A sampling, sparging and monitoring system for fermentation vessels has been designed, constructed and trialled at the Hickinbotham-Roseworthy Wine Science Laboratories using the Ron Potter Red Wine Fermentation Facility. Wine has been successfully sampled throughout two fermentation cycles with approximately 700 litres of must being treated in each case. Grenache grapes were used in both trials. The project was coordinated by Associate Professor Graham Jones of the University of Adelaide whist the design, construction and operation of the analytical system was carried out under the guidance of Associate Professor David Davey of the University of South Australia.

Summary

The goal of winemakers is to maximise the quality of wine provided by the quality of the received grapes. This is determined largely during the fermentation process. Thus one can make a case for automated control to measure wine parameters and to determine if corrective intervention is needed during fermentation to maintain that quality. The project has applied sophisticated monitoring techniques to the fermentation of red wine. Laboratory trials of the equipment for periods of between 12 – 24 hours were carried out followed by fermentation trials over 10 to14 days. Wine sampling was carried out satisfactorily during this time. Successful control software development was also incorporated into the fermentation trials. The monitoring system included sensors for pH, oxygen, redox, conductance, alcohol and colour.
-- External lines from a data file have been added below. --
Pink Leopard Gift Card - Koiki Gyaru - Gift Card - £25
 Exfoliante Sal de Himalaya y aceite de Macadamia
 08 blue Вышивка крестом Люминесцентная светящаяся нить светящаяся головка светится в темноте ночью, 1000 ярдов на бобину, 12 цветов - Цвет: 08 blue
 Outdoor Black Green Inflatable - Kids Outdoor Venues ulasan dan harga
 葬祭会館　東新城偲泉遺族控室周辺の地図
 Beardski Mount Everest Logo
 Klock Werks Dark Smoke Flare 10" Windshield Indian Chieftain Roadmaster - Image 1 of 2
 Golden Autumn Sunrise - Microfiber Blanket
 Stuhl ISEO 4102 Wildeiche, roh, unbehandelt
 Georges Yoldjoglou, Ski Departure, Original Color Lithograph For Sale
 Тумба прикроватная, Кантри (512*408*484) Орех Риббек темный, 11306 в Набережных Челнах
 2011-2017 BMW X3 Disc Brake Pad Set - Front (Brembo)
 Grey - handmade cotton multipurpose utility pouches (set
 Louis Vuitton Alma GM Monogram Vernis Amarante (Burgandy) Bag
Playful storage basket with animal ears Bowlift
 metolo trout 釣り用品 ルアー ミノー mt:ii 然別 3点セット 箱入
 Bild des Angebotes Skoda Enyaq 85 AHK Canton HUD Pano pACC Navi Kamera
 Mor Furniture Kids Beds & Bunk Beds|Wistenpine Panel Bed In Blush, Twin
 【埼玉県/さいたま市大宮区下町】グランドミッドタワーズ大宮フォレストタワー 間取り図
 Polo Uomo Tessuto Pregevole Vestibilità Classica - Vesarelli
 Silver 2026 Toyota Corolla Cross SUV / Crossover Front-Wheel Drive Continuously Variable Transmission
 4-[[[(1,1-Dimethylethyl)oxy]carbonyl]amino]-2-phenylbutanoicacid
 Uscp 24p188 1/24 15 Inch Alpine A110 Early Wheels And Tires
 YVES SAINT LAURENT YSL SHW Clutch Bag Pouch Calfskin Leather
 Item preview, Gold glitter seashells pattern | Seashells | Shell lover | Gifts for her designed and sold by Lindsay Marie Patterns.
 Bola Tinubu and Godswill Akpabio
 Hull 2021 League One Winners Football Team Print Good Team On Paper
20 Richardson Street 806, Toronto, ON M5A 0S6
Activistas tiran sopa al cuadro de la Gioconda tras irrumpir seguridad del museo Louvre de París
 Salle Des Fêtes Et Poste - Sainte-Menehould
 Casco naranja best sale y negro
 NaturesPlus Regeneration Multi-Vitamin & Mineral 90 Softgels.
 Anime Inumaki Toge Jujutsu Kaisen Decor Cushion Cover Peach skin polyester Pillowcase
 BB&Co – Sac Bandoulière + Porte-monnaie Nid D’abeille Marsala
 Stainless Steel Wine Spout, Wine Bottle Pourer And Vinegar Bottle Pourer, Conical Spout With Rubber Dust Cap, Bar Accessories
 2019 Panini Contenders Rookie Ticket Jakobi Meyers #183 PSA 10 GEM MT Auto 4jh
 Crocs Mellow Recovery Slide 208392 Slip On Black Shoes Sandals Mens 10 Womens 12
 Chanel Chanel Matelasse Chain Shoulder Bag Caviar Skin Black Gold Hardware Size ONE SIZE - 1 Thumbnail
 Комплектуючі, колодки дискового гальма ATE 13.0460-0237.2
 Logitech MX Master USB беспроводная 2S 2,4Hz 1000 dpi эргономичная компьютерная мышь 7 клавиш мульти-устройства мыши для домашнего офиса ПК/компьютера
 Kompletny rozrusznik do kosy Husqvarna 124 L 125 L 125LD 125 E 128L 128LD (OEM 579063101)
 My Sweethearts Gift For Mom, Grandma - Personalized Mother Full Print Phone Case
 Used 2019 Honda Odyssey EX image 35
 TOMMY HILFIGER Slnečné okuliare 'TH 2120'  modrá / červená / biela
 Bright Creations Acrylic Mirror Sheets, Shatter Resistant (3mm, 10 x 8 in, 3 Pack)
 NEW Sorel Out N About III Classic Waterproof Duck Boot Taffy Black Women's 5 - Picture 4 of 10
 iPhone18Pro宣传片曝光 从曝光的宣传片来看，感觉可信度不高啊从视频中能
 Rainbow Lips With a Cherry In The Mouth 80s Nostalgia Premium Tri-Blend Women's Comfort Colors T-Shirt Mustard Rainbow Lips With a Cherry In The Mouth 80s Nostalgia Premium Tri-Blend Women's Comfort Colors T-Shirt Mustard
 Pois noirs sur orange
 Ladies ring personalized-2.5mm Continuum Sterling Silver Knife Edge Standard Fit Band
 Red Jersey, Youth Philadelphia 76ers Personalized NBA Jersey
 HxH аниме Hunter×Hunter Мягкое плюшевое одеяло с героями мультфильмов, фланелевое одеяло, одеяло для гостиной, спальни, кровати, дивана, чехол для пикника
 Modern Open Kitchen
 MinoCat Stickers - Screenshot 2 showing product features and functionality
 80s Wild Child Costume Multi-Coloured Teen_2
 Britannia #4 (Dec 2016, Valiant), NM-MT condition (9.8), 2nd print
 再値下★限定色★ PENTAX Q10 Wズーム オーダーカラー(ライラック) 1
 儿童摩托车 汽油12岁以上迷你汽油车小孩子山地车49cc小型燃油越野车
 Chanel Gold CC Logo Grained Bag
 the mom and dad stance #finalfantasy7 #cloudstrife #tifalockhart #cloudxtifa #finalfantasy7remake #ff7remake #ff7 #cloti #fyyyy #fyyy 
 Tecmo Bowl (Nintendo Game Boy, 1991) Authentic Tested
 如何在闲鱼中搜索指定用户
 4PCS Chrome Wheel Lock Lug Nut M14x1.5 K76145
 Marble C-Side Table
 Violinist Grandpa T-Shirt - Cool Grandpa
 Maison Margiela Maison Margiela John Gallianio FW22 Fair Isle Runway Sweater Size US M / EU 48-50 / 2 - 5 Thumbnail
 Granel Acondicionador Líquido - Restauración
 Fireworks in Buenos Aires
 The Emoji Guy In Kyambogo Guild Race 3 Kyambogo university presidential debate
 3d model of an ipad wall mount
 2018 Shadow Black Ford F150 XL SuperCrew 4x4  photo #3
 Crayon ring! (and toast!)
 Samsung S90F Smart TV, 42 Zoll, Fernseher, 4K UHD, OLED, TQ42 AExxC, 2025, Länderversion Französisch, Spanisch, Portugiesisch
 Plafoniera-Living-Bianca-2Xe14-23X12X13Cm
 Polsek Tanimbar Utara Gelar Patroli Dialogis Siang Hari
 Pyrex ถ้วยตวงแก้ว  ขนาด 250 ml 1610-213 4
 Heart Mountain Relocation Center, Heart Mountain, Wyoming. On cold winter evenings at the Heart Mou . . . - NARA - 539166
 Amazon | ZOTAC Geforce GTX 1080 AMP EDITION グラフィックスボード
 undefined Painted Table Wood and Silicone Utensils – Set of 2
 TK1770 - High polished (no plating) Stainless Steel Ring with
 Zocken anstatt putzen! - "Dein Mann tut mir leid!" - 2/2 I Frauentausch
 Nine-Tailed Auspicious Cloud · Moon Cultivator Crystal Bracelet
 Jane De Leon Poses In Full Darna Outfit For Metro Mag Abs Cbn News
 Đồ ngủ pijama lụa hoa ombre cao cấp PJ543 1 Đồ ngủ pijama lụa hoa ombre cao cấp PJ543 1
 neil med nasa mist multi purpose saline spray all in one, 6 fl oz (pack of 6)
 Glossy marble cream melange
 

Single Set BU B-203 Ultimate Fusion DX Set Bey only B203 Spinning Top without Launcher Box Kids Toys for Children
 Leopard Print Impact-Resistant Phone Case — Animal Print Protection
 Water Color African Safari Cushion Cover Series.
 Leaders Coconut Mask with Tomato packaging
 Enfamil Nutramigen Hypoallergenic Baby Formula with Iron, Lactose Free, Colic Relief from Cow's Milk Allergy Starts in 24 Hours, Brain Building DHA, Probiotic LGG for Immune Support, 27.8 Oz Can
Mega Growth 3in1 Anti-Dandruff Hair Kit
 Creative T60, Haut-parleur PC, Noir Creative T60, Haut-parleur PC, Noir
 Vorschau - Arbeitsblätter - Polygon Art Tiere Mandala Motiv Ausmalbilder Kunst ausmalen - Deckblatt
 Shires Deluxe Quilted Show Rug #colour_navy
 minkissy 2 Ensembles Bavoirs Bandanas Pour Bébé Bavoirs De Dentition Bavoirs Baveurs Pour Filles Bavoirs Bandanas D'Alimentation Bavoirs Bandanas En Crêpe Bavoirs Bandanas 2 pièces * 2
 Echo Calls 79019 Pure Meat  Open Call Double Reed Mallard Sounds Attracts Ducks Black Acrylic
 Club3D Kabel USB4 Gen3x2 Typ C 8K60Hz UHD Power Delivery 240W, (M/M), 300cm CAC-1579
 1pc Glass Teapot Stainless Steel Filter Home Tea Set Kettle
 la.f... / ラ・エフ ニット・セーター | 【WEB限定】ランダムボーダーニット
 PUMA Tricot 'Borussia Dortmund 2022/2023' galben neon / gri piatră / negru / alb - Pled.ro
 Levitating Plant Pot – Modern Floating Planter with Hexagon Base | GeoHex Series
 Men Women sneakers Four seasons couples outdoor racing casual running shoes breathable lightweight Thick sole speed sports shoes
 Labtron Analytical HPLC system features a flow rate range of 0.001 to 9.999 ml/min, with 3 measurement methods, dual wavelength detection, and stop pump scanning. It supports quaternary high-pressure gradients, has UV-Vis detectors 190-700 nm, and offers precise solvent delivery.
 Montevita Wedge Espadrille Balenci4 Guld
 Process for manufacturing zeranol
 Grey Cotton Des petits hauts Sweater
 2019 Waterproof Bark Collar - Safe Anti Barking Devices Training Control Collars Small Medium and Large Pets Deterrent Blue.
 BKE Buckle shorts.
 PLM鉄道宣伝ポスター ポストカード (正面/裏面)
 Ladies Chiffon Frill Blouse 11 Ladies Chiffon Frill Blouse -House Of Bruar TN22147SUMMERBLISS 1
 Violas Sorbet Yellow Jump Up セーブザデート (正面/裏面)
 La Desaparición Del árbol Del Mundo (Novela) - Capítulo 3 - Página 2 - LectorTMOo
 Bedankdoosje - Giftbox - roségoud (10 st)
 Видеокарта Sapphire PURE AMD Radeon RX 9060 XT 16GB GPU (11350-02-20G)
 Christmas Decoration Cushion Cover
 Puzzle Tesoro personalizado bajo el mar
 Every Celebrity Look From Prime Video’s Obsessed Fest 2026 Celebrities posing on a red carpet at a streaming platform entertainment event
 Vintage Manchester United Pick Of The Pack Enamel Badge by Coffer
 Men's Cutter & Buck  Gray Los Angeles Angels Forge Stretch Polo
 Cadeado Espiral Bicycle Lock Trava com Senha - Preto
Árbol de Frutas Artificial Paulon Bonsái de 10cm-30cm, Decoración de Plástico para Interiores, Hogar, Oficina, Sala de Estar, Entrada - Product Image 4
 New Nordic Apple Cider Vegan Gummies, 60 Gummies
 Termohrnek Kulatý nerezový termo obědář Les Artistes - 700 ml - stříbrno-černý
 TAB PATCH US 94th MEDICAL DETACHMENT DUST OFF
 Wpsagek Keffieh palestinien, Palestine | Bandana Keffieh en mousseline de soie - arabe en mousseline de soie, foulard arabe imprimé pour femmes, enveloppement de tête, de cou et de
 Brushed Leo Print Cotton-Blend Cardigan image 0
Data from these devices shows that additional on-line sample pre-treatment prior to measurement is required for satisfactory results for two sensors, conductance and oxygen. Containment of the oxygen and redox probes needs to be improved if data reflecting low oxygen levels in the wine is to obtained consistently. In off-line experiments, near infrared spectrometric determinations of key fermentation parameters such as reducing sugars and alcohol were carried out with fermentation samples. Trends in NIR values were consistent with other measures such as those from standard wet chemical methods, chromatography and Baume readings.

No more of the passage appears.